The proof from Evans PDE book using the exponential growth estimate is similar, except that the definition of $v$ is more clever. All of these arguments can be easily adapted to half lines as well.

• thanks for your answer, however, assume I have this growth restriction, then could I use the max principle at all? I just don't see how it can possibly be applied since the domain is not bounded from one end.
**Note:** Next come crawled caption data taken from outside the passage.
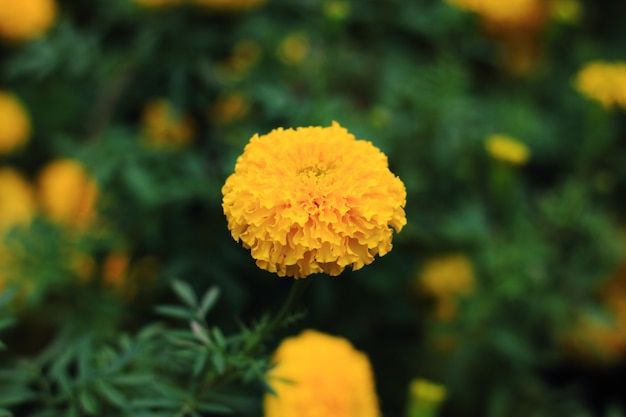 marigold  flower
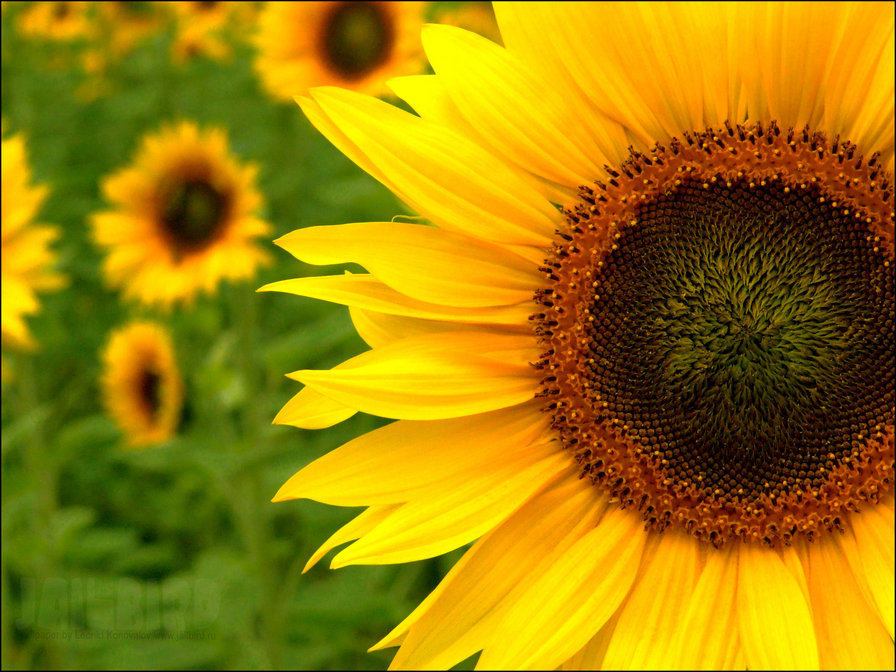 подсолнух - оригинал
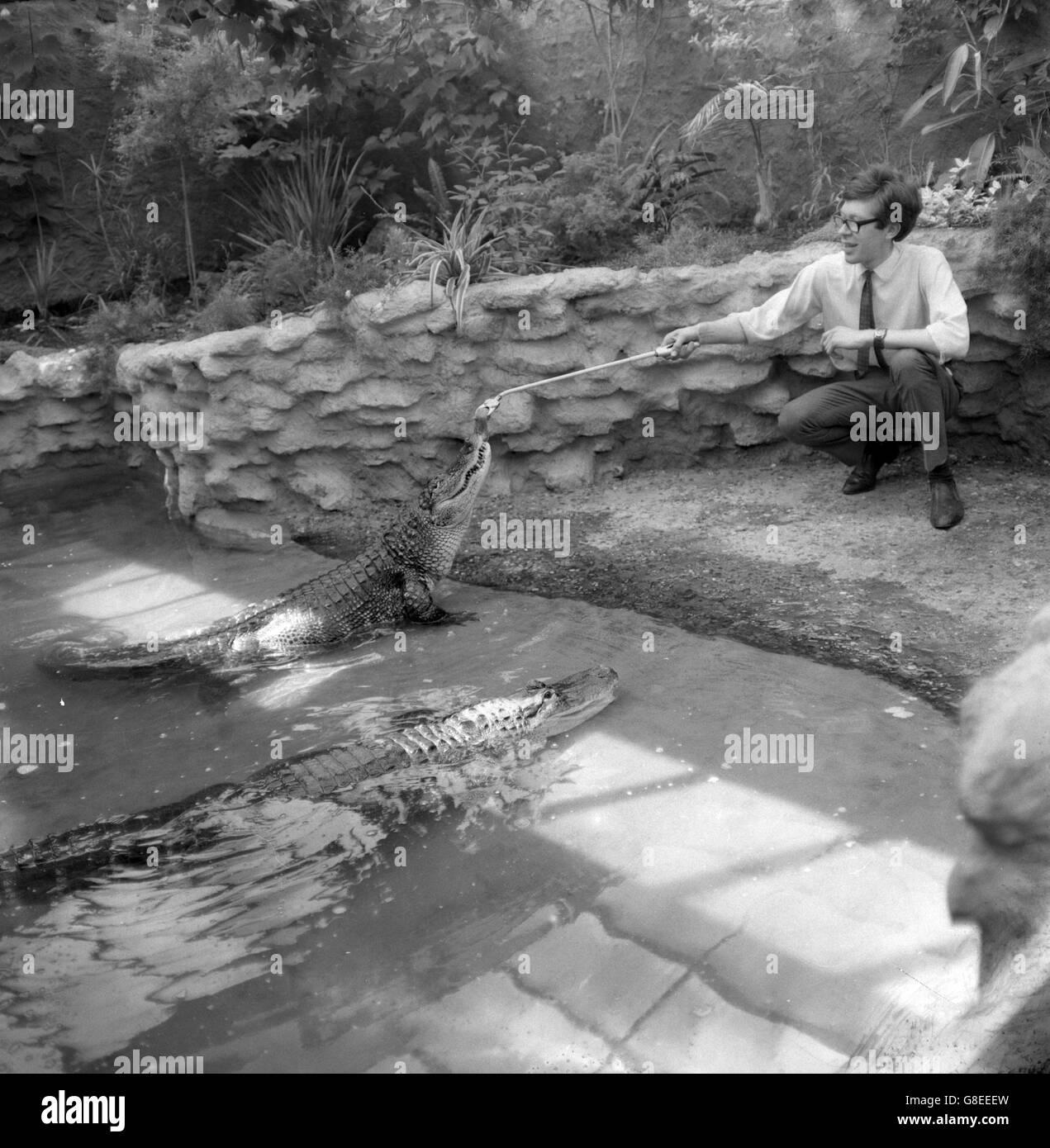 John Foden, 18 ans, de Great Barr, Birmingham, nourrissant des crocodiles du Mississippi au zoo de Dudley, dans le Worcestershire, où il est responsable de la maison de repos. Banque D'Images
That is, if I do impose the condition, how would I go with proving uniqueness? – Medan Aug 4 '16 at 19:16
• The proof for the more general growth condition is the same as what I wrote, except you will need to define $$v(x,t) = u(x,t) - \frac{\varepsilon}{(T+\mu -t)^{1/2}}e^{\frac{(x-a)^2}{4(T+\mu-t)}}.$$ You can check again that $v$ also satisfies the heat equation. – Jeff Aug 4 '16 at 19:21
• Great counterexample! – Shalop May 5 '18 at 10:48

If $u : [0,T] \times [a, \infty) \to \Bbb R$ is the solution of

$$\partial_t u - \Delta u = 0 \\ u(0,x) = f(x) \quad \forall x \in [a, \infty) \\ u(t,a) = g(t) \quad \forall t \in [0,T] ,$$

then a weak maximum principle and an associated uniqueness theorem may still be given, provided that one adds some growth condition on $u(t, \cdot)$. Namely, we require that there exist $M, c > 0$ such that $|u(t,x)| \le M \Bbb e ^{c x^2} \ \forall t,x$.

Let $D$ be the "partial boundary" $\big( \{0\} \times [a, \infty) \big) \cup \big( [0,T] \times \{a\} \big)$. The weak maximum principle in this case is: if $\partial_t u - \Delta u \le 0$ with $u(0,x) = f(x) \ \forall x \in [a, \infty)$ and $u(t,a) = g(t) \ \forall t \in [0,T]$, and $u(t,x) \le M \Bbb e ^{c x^2} \ \forall t,x$, then

$$\sup \limits _{(t,x) \in [0,T] \times [a, \infty)} u = \sup \limits _{(t,x) \in D} u = \max (\sup f, \sup g) .$$

Armed with this maximum principle, assume $v$ and $w$ to satisfy the equation given above, with those boundary conditions and the growth conditions $v(t,x) \le M \Bbb e ^{c x^2}$ and $w(t,x) \le N \Bbb e ^{d x^2}$. Then $v - w$ satisfies the problem

$$\partial_t u - \Delta u = 0 \\ u(0,x) = 0 \quad \forall x \in [a, \infty) \\ u(t,a) = 0 \quad \forall t \in [0,T]$$

and

$$(v-w) (t,x) \le |(v-w) (t,x)| \le |v(t,x)| + |w(t,x)| \le M \Bbb e ^{c x^2} + N \Bbb e ^{d x^2} \le \max (M,N) \ \Bbb e ^{\max (c,d) x^2} .$$

This means that $v-w$ satisfies the same type of growth condition as required by the maximum principle, so you may apply the maximum principle to $v-w$ to obtain that

$$\sup \limits _{(t,x) \in [0,T] \times [a, \infty)} (v-w) = \sup \limits _{(t,x) \in D} (v-w) = \max (\sup 0, \sup 0) = 0 ,$$

so $v-w \le 0$.

Do the same thing for $w-v$ to obtain that $w-v \le 0$. Therefore, $v=w$, so the solution is unique.

This is adapted from theorems 5 and 12 found in Xinwei Yu's lecture notes at the University of Alberta (in them, Yu works with $\Bbb R$ instead of $[a, \infty)$, but with a bit of dilligence and intelligence they may be adapted into what I have written above).